■ What this task involves
Word for word, print out all of the data, omitting every image.

■ Data provided
┏━━
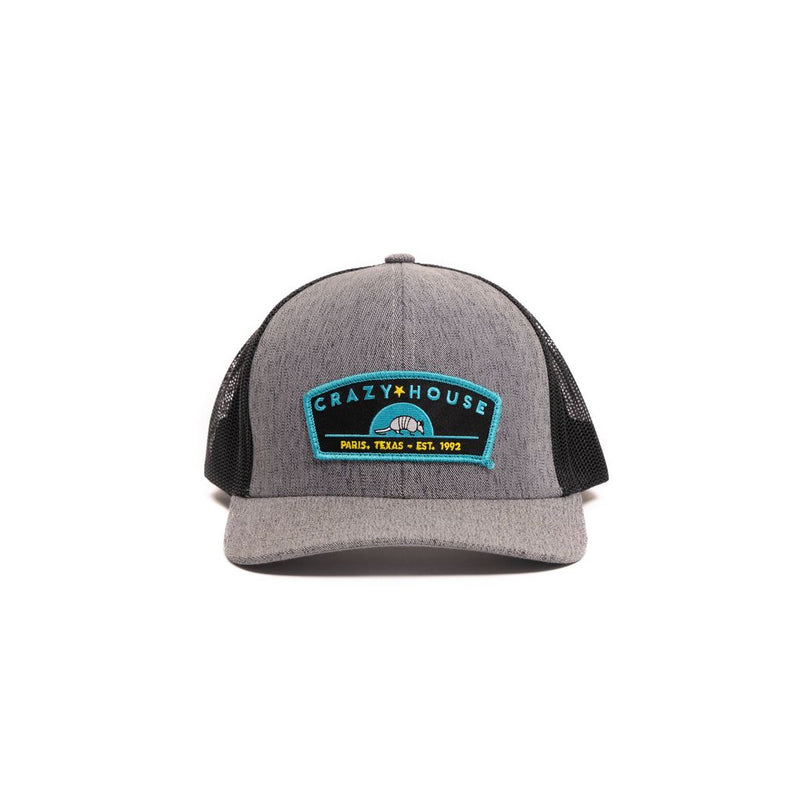 Crazy House Unisex Grey and Black Cap with Patch - Crazy House Western Wear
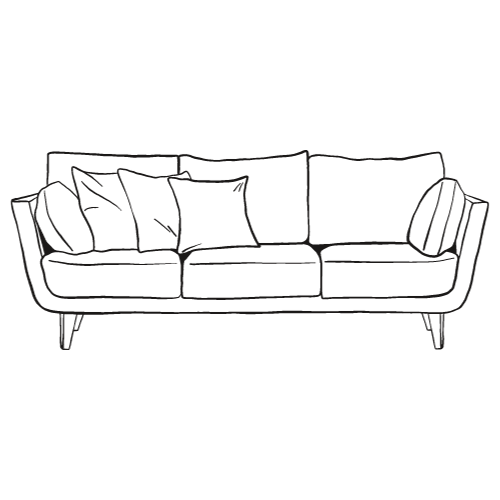 Dibujo de sofá
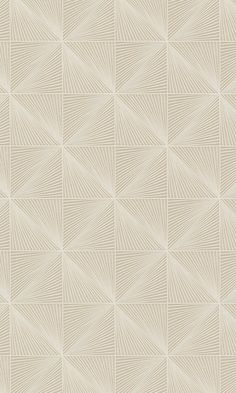 a beige wallpaper with white geometric shapes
┗━━
■ Expected answer
 Crazy House Unisex Grey and Black Cap with Patch - Crazy House Western Wear
 Dibujo de sofá
 a beige wallpaper with white geometric shapes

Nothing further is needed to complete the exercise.